_WHAT TO DO_. Please transcribe the data that follows exactly as given, leaving out every picture.

--- EXCERPTED RECORDS Enclosed Below ---

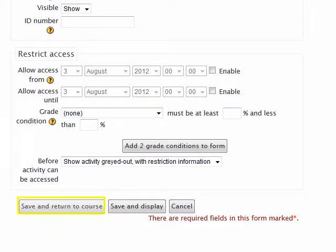After all settings are as desired, select the Save and Return to Course button at the bottom of the page. This returns you to the main course page where your new LMS Chat will appear at the bottom of the selected module.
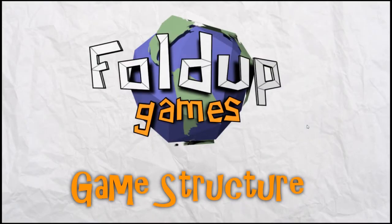Hi guys, this is Brandon with Fold Up Games. How in the world are you doing today? I am great, and thank you so much for asking.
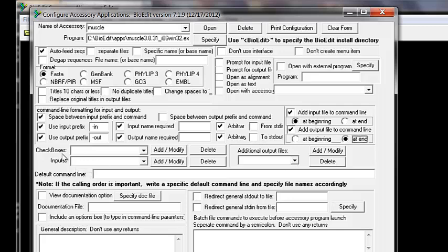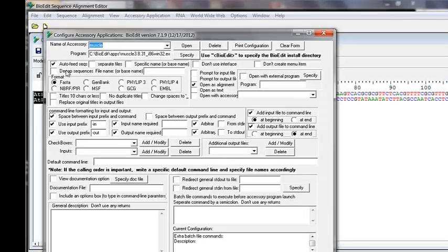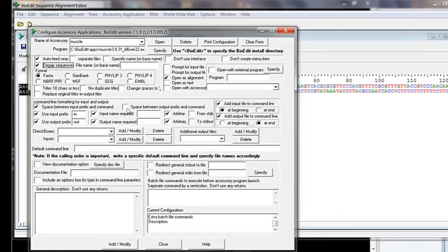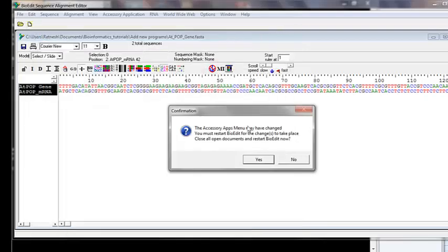The checkboxes section lets you give users extra parameter options — we'll come back to that. Also make sure to check 'add input file to command line at the beginning' and 'add output file to command line.' We also need to check the option to open the output as an alignment so we can see it inside BioEdit, and to de-gap sequences before feeding to the program.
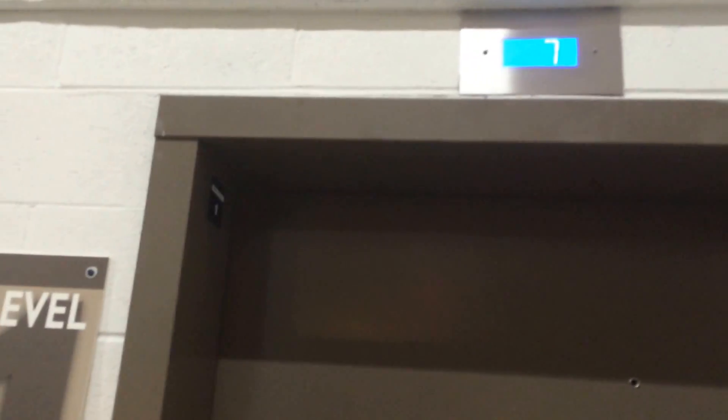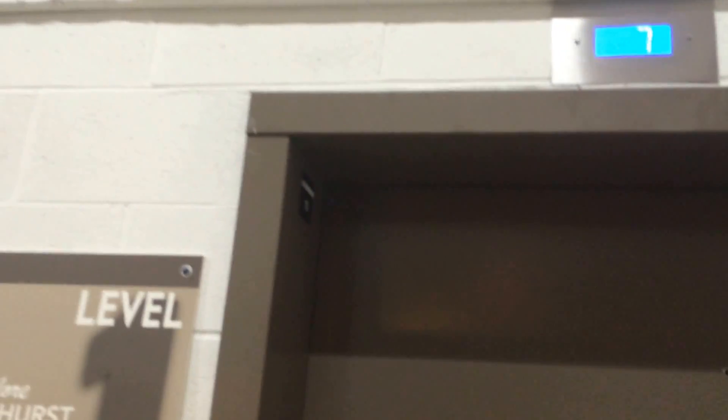So today we're going to ride another elevator located in this new parking garage in Calumet, Illinois. Now we're going to press the call button here and watch the floor indicator before it comes.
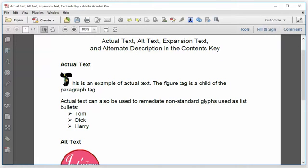The first example is actual text. The actual text attribute is used for text rendered in a way that a screen reader cannot interpret. For example, an image or a character that does not map to Unicode. Actual text is short. It's frequently just one character. And it can be used in line, for example, as a part of a paragraph, or even as a part of a word.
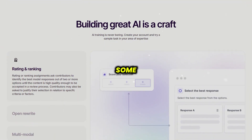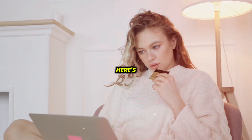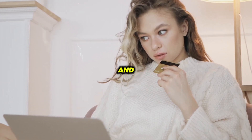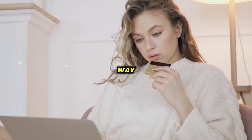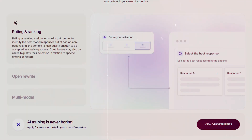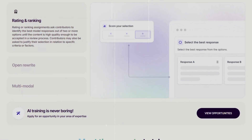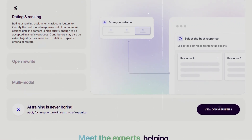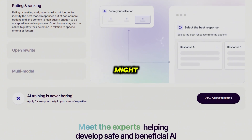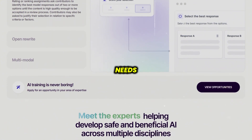I know some of you might be wondering if this tool is really worth it. Here's the thing: if your business relies heavily on data and you're looking for a way to automate analysis while gaining deeper insights, I'd say yes, Outlier AI can be a valuable asset. But if you're just starting out with limited resources, you might want to consider whether the investment aligns with your current needs.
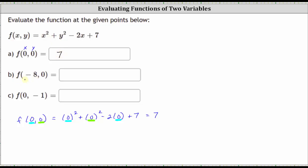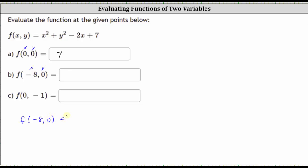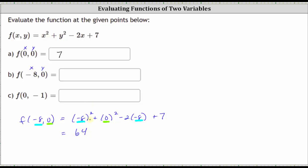To determine the function value f of negative eight comma zero, we substitute negative eight for x and zero for y. Performing the substitution gives us the square of negative eight plus the square of zero minus two times negative eight plus seven. Simplifying: the square of negative eight is positive 64, zero squared is zero, and negative two times negative eight is positive 16. So 64 plus 16 plus seven equals 87. f of negative eight comma zero equals 87.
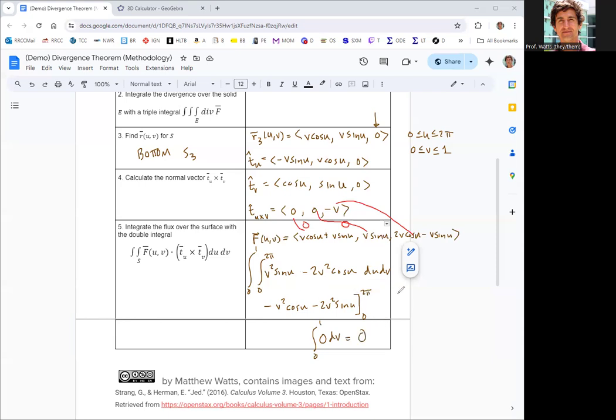Adding up all three subsurfaces: 0 from the top, 0 from the bottom, and 6 pi from the side gives a total surface integral of 6 pi. This matches the triple integral of the divergence found in steps 1 and 2, thus validating the Divergence Theorem. That's all the methodologies for Calc 3 — until differential equations, that's it!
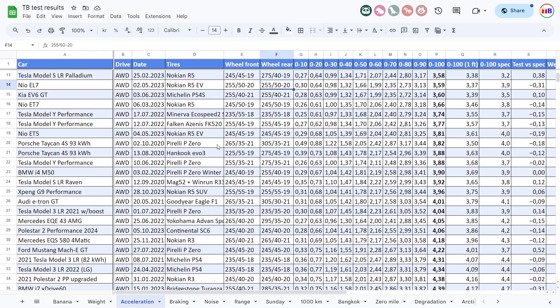So EL7 is significantly faster, actually EL7 is fast like a beast. You see even beating EV6 GT which is considered a performance car.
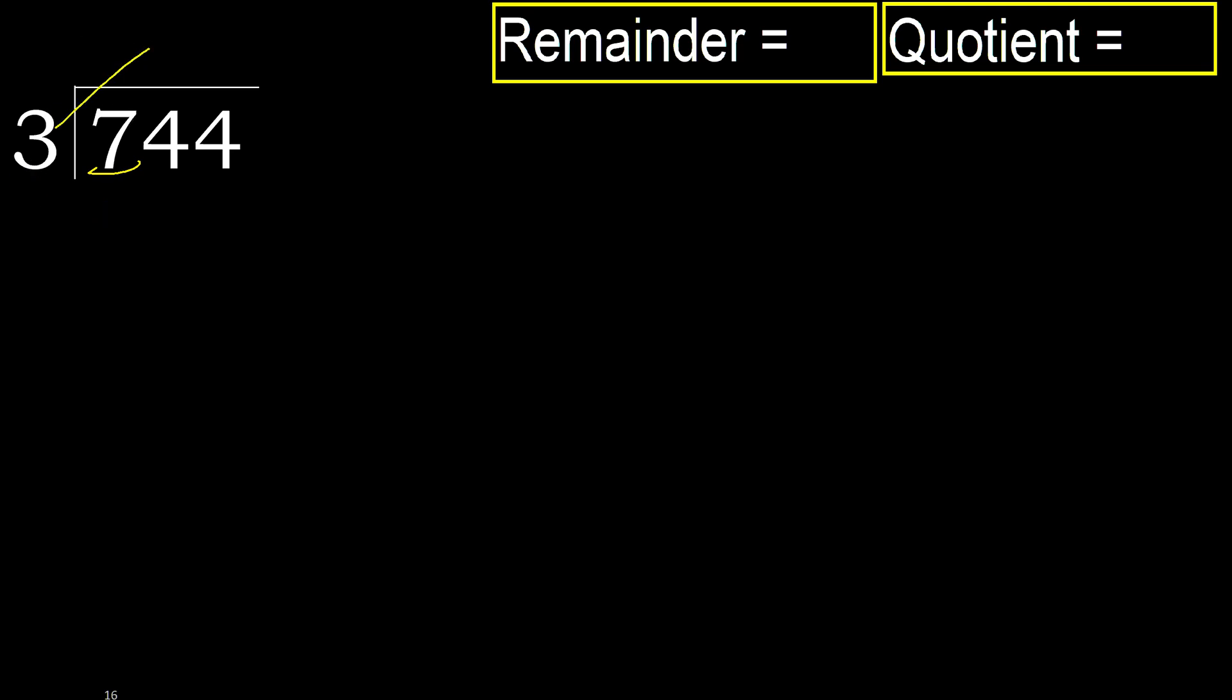3 multiplied by which number is nearest to 7 but not greater? 3 multiplied by 3 is 9. 9 is greater. Multiply by 2, 6 is not greater, ok. Subtract. 7 minus 6 is 1.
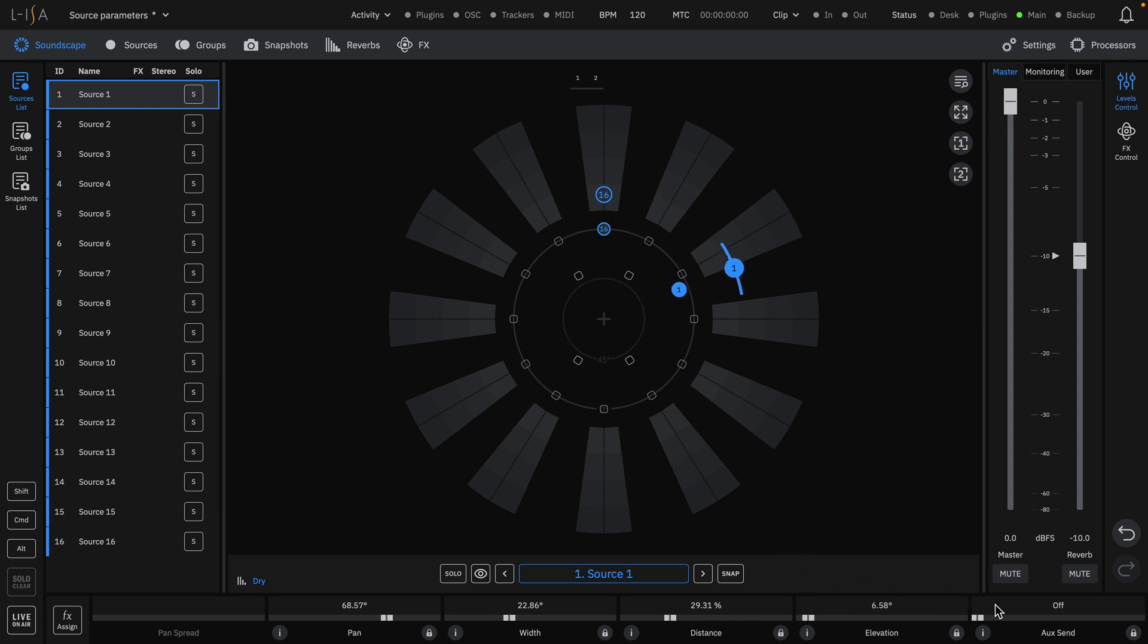The final parameter is the auxiliary send, which is represented by a black bar filling in the source. This can be used to feed subwoofers or an alternate system.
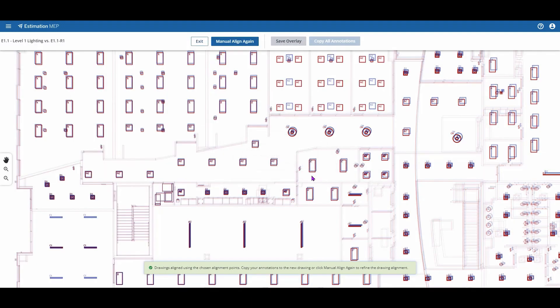If my secondary drawing had no annotations on it, I'd have the ability to copy all annotations from my existing drawing over to the new one. Or we have the option to exit.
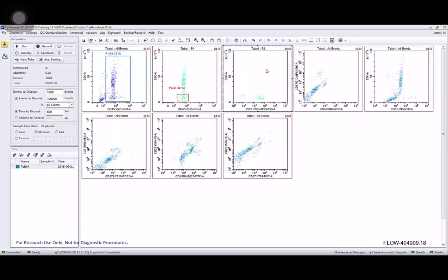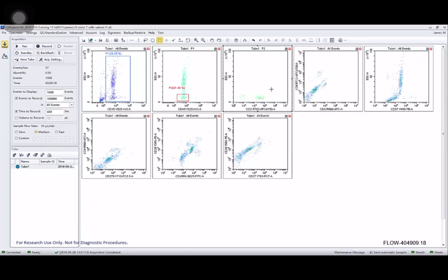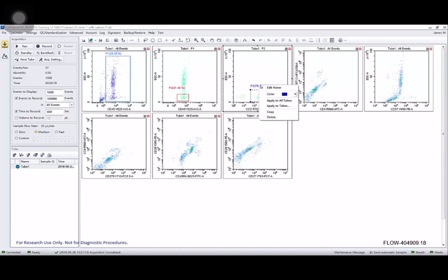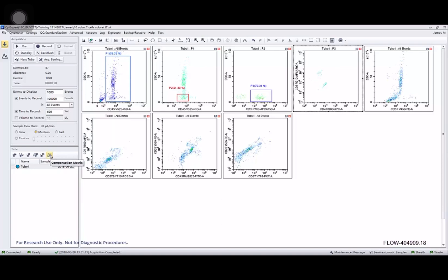And now those CD3 positive T cell populations pop right out from the leukocytes and lymphocytes. And then I'm going to import the compensation matrix and convert it based on the gains we have set up for this experiment.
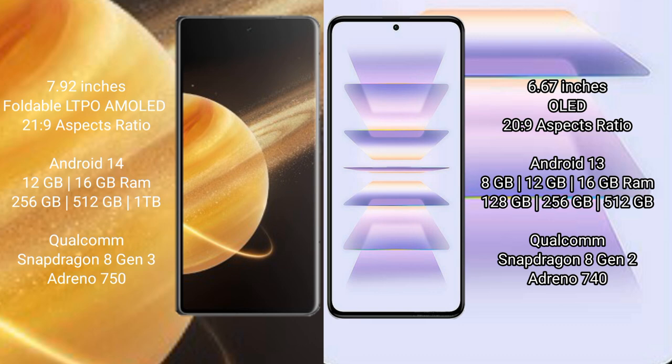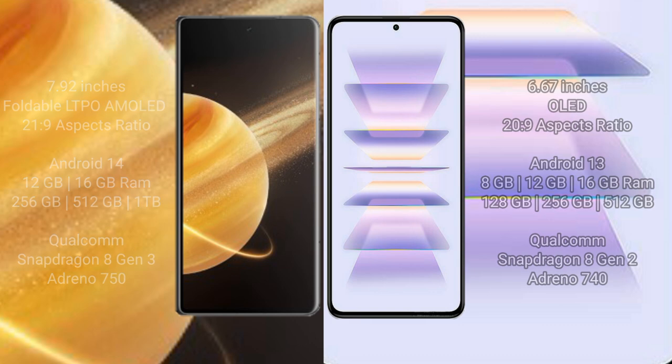Redmi K60 Pro comes with 8GB, 12GB, or 16GB RAM and 128GB, 256GB, or 512GB internal storage, Qualcomm Snapdragon 8 Gen 2 processor, Adreno 740.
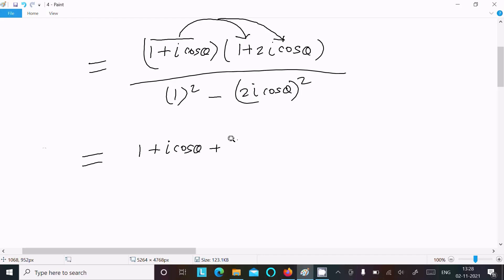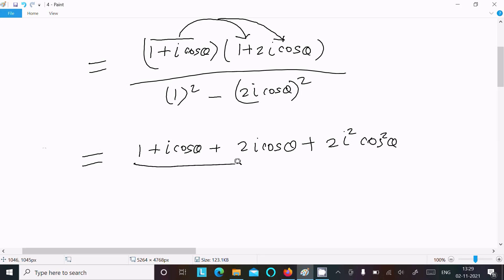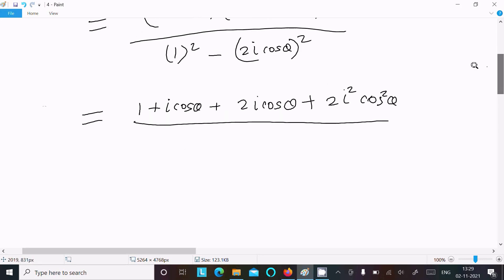Multiplying by 2i·cosθ gives 2i·cosθ, then i·cosθ times 2i·cosθ equals 2i²·cos²θ. The denominator is 1² minus (2i·cosθ)², which is 1 minus 4i²·cos²θ.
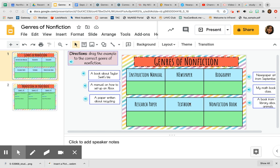We have just finished learning about the different genres of nonfiction, and for your assignment we're going to practice the knowledge we just learned. So for our directions, drag the example to the correct genre of nonfiction.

--- End of Enclosed EXCERPTED RECORDS ---

_EXERCISE RESPONSE_.
After all settings are as desired, select the Save and Return to Course button at the bottom of the page. This returns you to the main course page where your new LMS Chat will appear at the bottom of the selected module.
Hi guys, this is Brandon with Fold Up Games. How in the world are you doing today? I am great, and thank you so much for asking.
The checkboxes section lets you give users extra parameter options — we'll come back to that. Also make sure to check 'add input file to command line at the beginning' and 'add output file to command line.' We also need to check the option to open the output as an alignment so we can see it inside BioEdit, and to de-gap sequences before feeding to the program.
So today we're going to ride another elevator located in this new parking garage in Calumet, Illinois. Now we're going to press the call button here and watch the floor indicator before it comes.
The first example is actual text. The actual text attribute is used for text rendered in a way that a screen reader cannot interpret. For example, an image or a character that does not map to Unicode. Actual text is short. It's frequently just one character. And it can be used in line, for example, as a part of a paragraph, or even as a part of a word.
I know some of you might be wondering if this tool is really worth it. Here's the thing: if your business relies heavily on data and you're looking for a way to automate analysis while gaining deeper insights, I'd say yes, Outlier AI can be a valuable asset. But if you're just starting out with limited resources, you might want to consider whether the investment aligns with your current needs.
To determine the function value f of negative eight comma zero, we substitute negative eight for x and zero for y. Performing the substitution gives us the square of negative eight plus the square of zero minus two times negative eight plus seven. Simplifying: the square of negative eight is positive 64, zero squared is zero, and negative two times negative eight is positive 16. So 64 plus 16 plus seven equals 87. f of negative eight comma zero equals 87.
Adding up all three subsurfaces: 0 from the top, 0 from the bottom, and 6 pi from the side gives a total surface integral of 6 pi. This matches the triple integral of the divergence found in steps 1 and 2, thus validating the Divergence Theorem. That's all the methodologies for Calc 3 — until differential equations, that's it!
So EL7 is significantly faster, actually EL7 is fast like a beast. You see even beating EV6 GT which is considered a performance car.
3 multiplied by which number is nearest to 7 but not greater? 3 multiplied by 3 is 9. 9 is greater. Multiply by 2, 6 is not greater, ok. Subtract. 7 minus 6 is 1.
The final parameter is the auxiliary send, which is represented by a black bar filling in the source. This can be used to feed subwoofers or an alternate system.
If my secondary drawing had no annotations on it, I'd have the ability to copy all annotations from my existing drawing over to the new one. Or we have the option to exit.
And now those CD3 positive T cell populations pop right out from the leukocytes and lymphocytes. And then I'm going to import the compensation matrix and convert it based on the gains we have set up for this experiment.
Redmi K60 Pro comes with 8GB, 12GB, or 16GB RAM and 128GB, 256GB, or 512GB internal storage, Qualcomm Snapdragon 8 Gen 2 processor, Adreno 740.
Multiplying by 2i·cosθ gives 2i·cosθ, then i·cosθ times 2i·cosθ equals 2i²·cos²θ. The denominator is 1² minus (2i·cosθ)², which is 1 minus 4i²·cos²θ.
We have just finished learning about the different genres of nonfiction, and for your assignment we're going to practice the knowledge we just learned. So for our directions, drag the example to the correct genre of nonfiction.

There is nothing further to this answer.